Hi, same chip and mobo here.
also mine does not reach 4200mhz during normal usage. But in gaming in stays between 4075 and 4150 mhz. 4200 is the 1 core max boost clock.
it's not worth to set all cores on 42x cause it's not a cool chip on stock (I also use an aftermarket cooler), if you do this it wil become hotter.

AFAK Ryzen 3000 cpus are really pushed to the max from gabric, not wort manually oc them.

What I've done is I set custom PBO limits: PPT 90w, TDC 60A, EDC 70A. This helped to sustain higher frequencies for longer


----------



## Bjørgersson (Apr 24, 2020)

Thank you everybody for your comments. I'll only be around my PC next time this Sunday, we'll see what the new BIOS does on auto and default settings.


----------



## TheLostSwede (Apr 24, 2020)

chfrcoghlan said:


> Thank you everybody for your comments. I'll only be around my PC next time this Sunday, we'll see what the new BIOS does on auto and default settings.


Normal/Default, not Auto ;-)


----------



## droopyRO (Apr 24, 2020)

Also try to undervolt it. I turned off PBO as it was pumping a lot of voltage just to get about 200Mhz more.


----------



## ChristTheGreat (Apr 24, 2020)

not all chip can boost all core to 4.2ghz easy.

I have a 3600x, which boost 4ghz prime95, 4.1 running BOINC 100% and 4.25 on multiple thread (like 6 thread). reaching 4.1ghz all core, I need a 1.34-1.36v.


----------



## TheLostSwede (Apr 24, 2020)

ChristTheGreat said:


> not all chip can boost all core to 4.2ghz easy.
> 
> I have a 3600x, which boost 4ghz prime95, 4.1 running BOINC 100% and 4.25 on multiple thread (like 6 thread). reaching 4.1ghz all core, I need a 1.34-1.36v.
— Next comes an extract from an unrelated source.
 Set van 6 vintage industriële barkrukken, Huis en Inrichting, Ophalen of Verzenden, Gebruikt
Boost doesn't work like that though. Max boost work best in things like games for some reason, not in software that loads all cores heavily. You're never going to achieve full boost in something like Cinebench etc. Also keep in mind that the max boost speed is only for a single core, at least in theory, although it's possible to get multiple cores to hit max boost after each other within a short time span, if you got the cooling to handle it.


----------



## moproblems99 (Apr 24, 2020)

chfrcoghlan said:


> What setting(s) should I change to be able to hit 4200 MHz across all cores



What has worked the best for my 3900x has been to give it the most vdroop through LLC and to limit EDC through PBO.  To get the number you need for EDC, Run Hardware Monitor/Info and run something like cbr20 and look at the percentage of EDC used and then the value.  You can lower EDC by a few amps and not lose performance.  Lower too much and you'll start dropping performance.  You can also mess with the scalar which is supposed to increase/decrease voltage during boost.
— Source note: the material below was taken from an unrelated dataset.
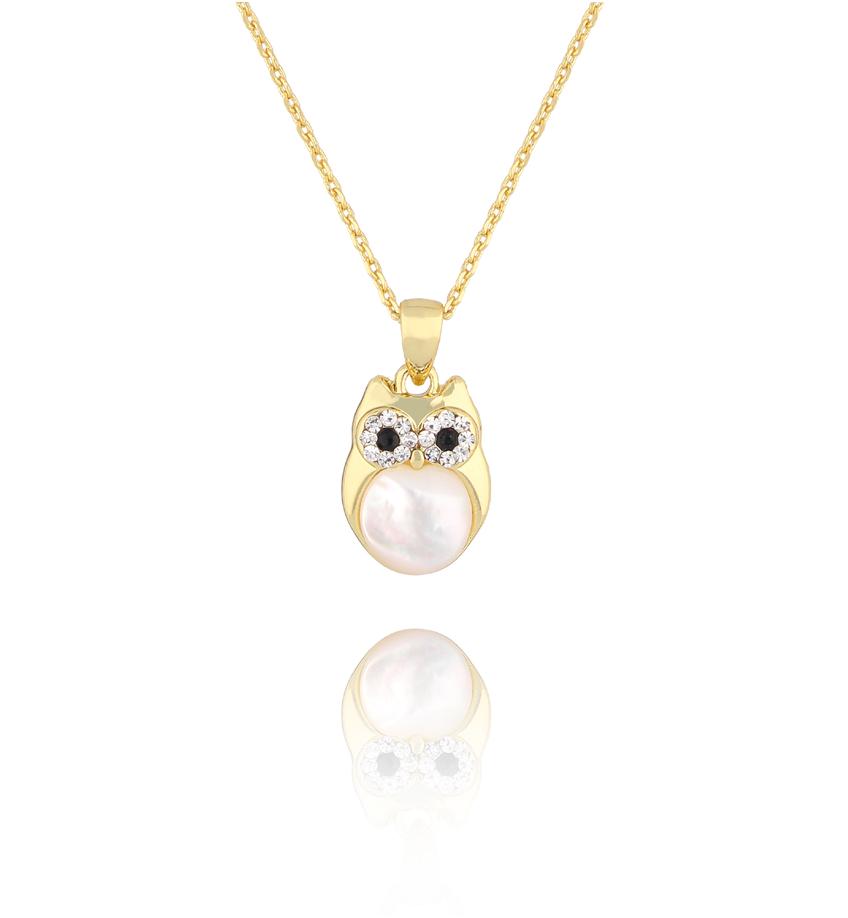 Naszyjnik złoty z sową Glam Charms NS0285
The goal of all this is to lower voltage and thus temperature.  It seems max all-core boost starts dropping above 60C.  Your best bet is to stay under that if possible.

the other thing to do is to start setting some of the UEFI params from the 1smus power plan.  You don't need to install the plan but some of the settings are helpful.  Everything else is trial and error, at least for me.



droopyRO said:


> Also try to undervolt it. I turned off PBO as it was pumping a lot of voltage just to get about 200Mhz more.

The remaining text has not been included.